A variety of anatomical and physiological criteria have shown that the extrastriate visual cortex of the macaque monkey is subdivided into many distinct areas. There is evidence to suggest that there is functional specialization among these areas. Previous studies have shown that the middle temporal visual area (MT) contains a high proportion of cells which are selective for the direction of movement of visual stimuli, and yet relatively non-selective for stimulus color or form. The experiments reported here examined the response properties in MT in greater detail, and demonstrated the inputs and outputs of the area by means of anatomical tracers.
A computer-driven stimulator was used to examine quantitatively the responses of 163 single units from five anesthetized and paralyzed Macaca fascicularis. The experiments included tests of selectivity for stimulus direction, speed, orientation and disparity. Cells were also tested with stimuli which simulated trajectories with components of motion toward or away from the animal. The results show that in addition to direction selectivity, many cells in MT are sharply tuned for stimulus speed and disparity. This suggests that neurons in MT are well adapted for the analysis of motion in three-dimensional space.

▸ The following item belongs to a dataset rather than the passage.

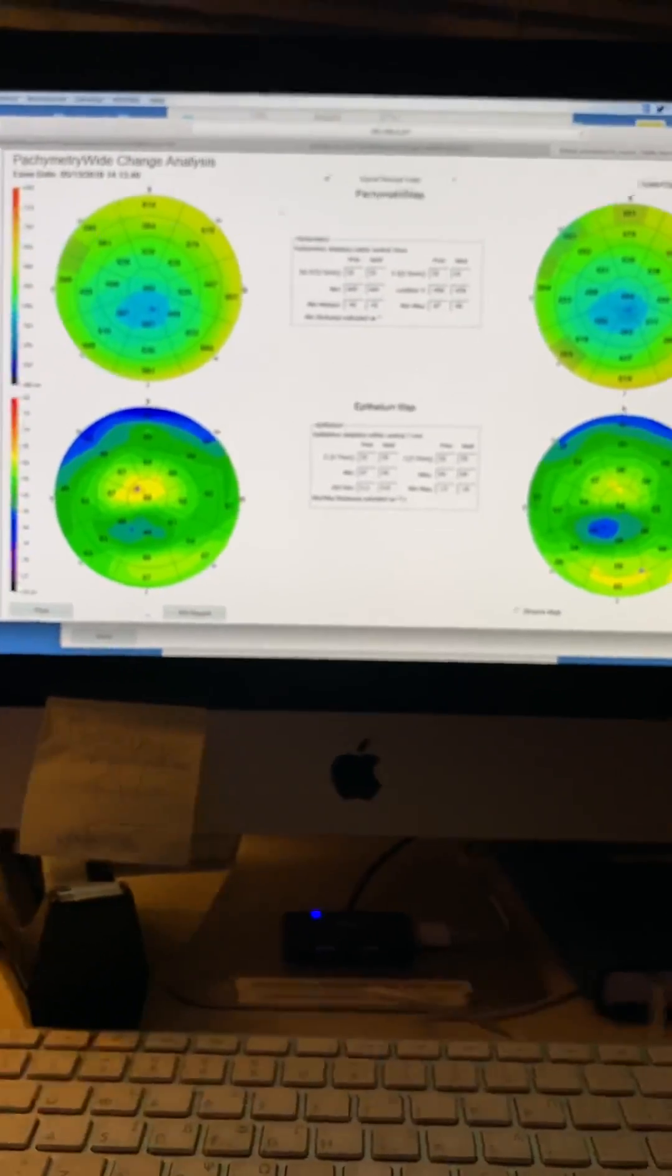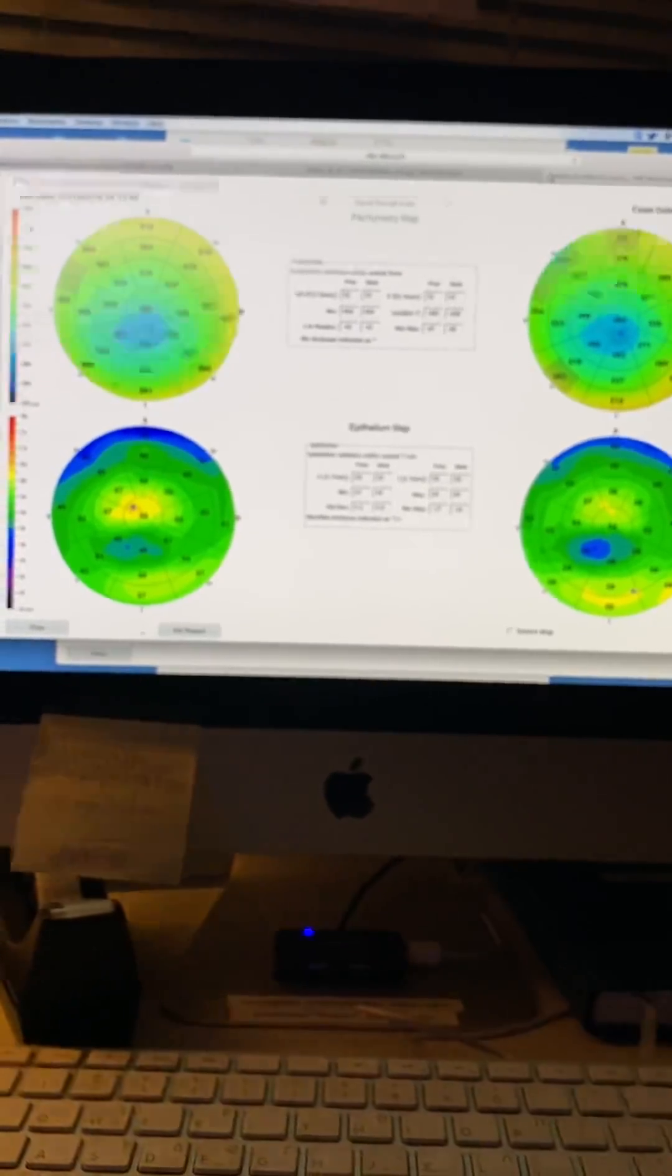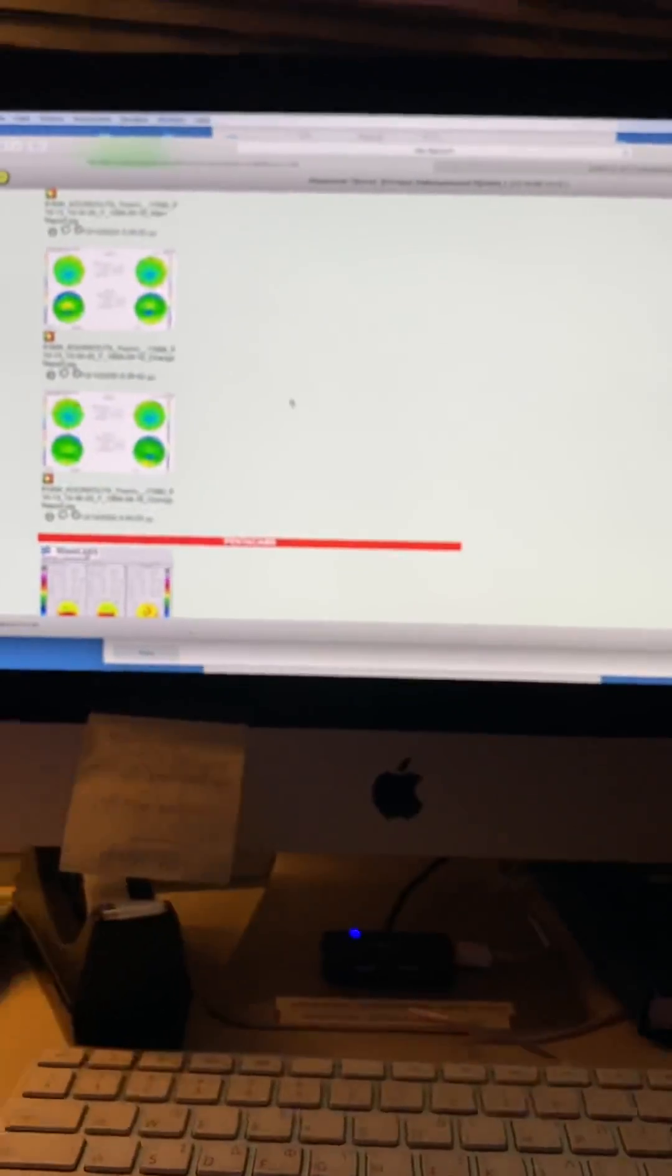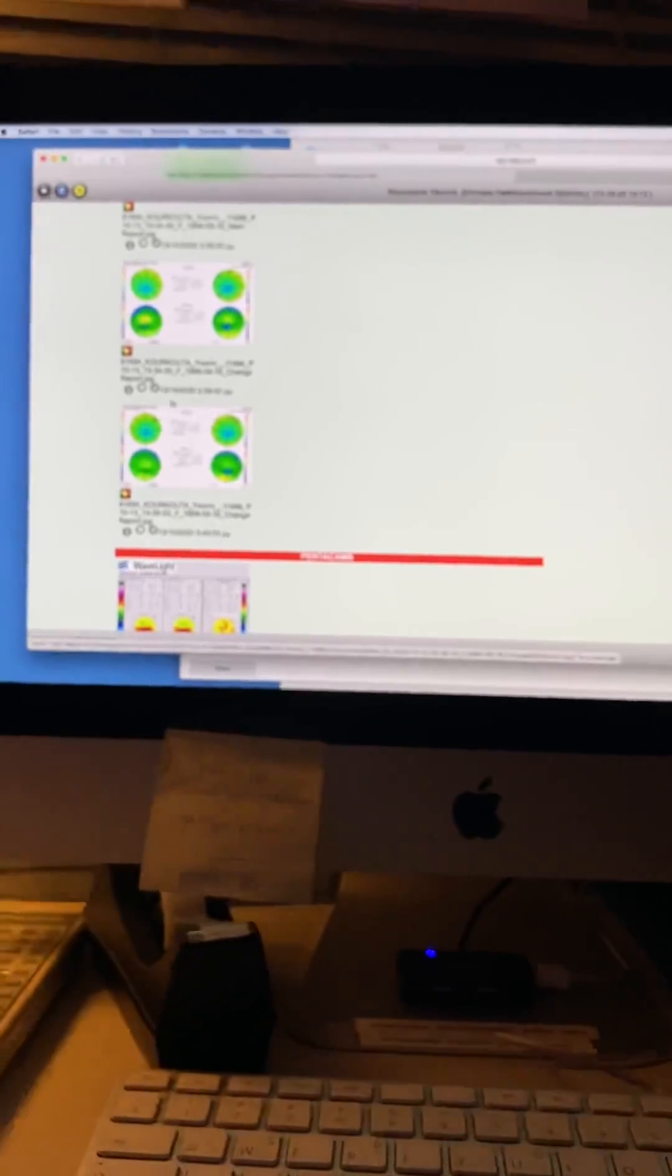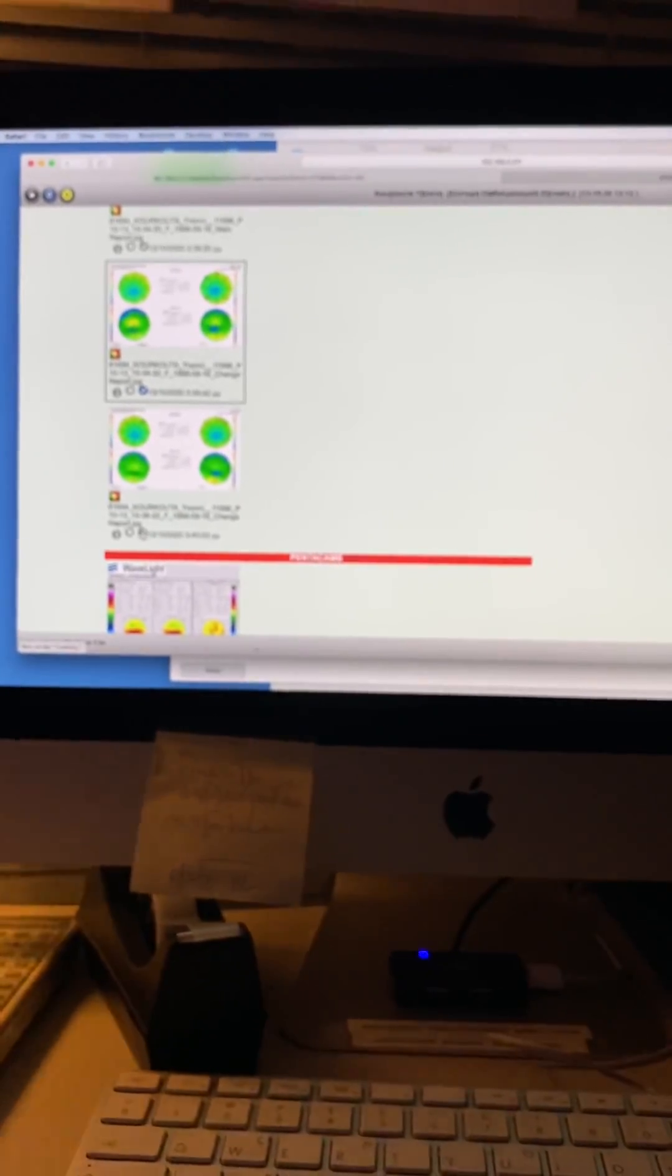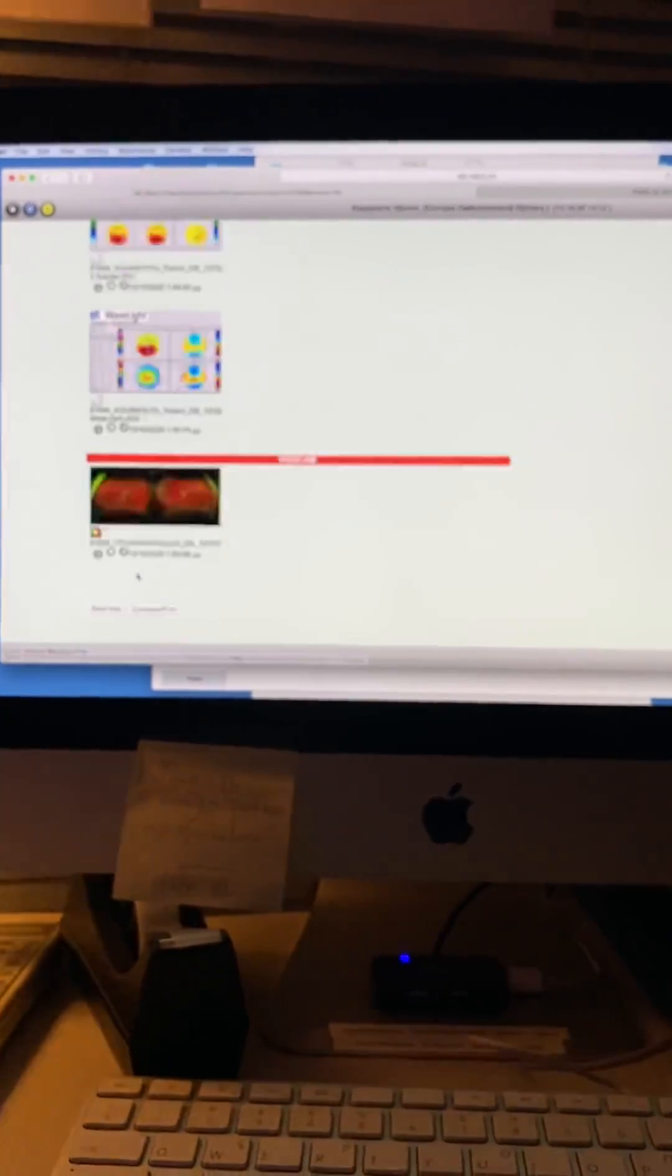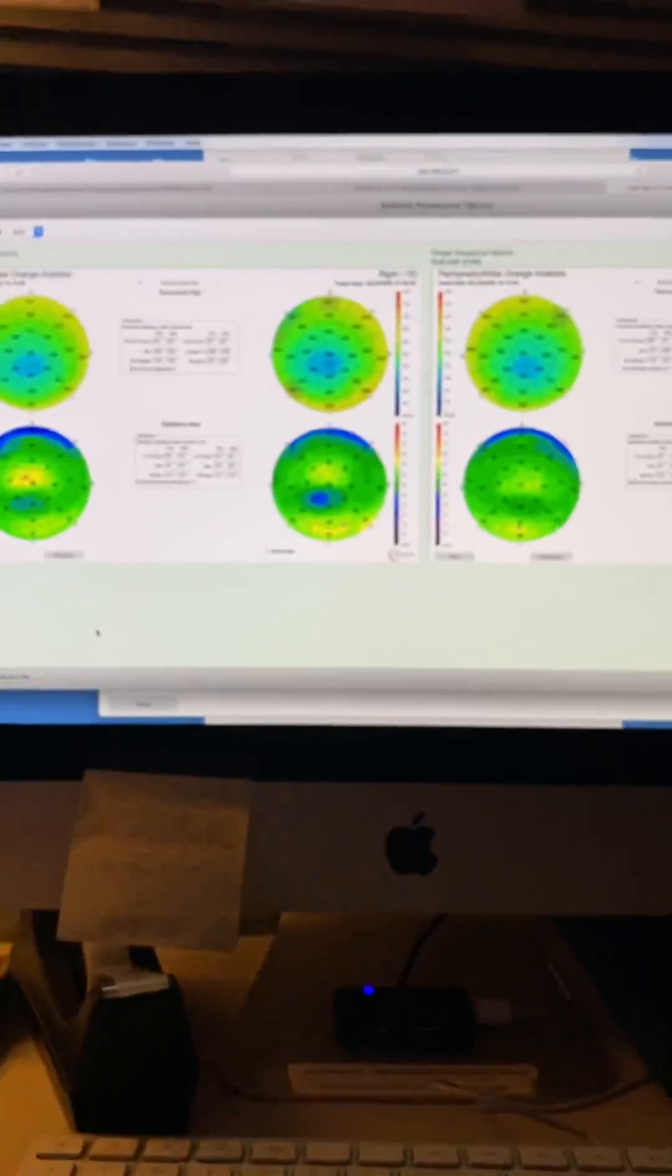This patient, in my opinion, of course, demands counseling. Not to rub the eyes. Number two, in my opinion, needs to have cornea cross-linking. We're going to look at those maps again.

Horseradish peroxidase and 3H-proline were injected into MT in three animals to demonstrate its anatomical inputs and outputs. Connections were seen with a large number of subcortical and cortical areas. In addition, connections with MT provide evidence contributing to the identification of two previously unrecognized cortical areas, which we have designated the medial superior temporal area (MST) and the ventral intraparietal area (VIP). The cortical layers in which projections originate and terminate are shown to provide objective anatomical criteria for assigning most cortical visual areas to a hierarchical order.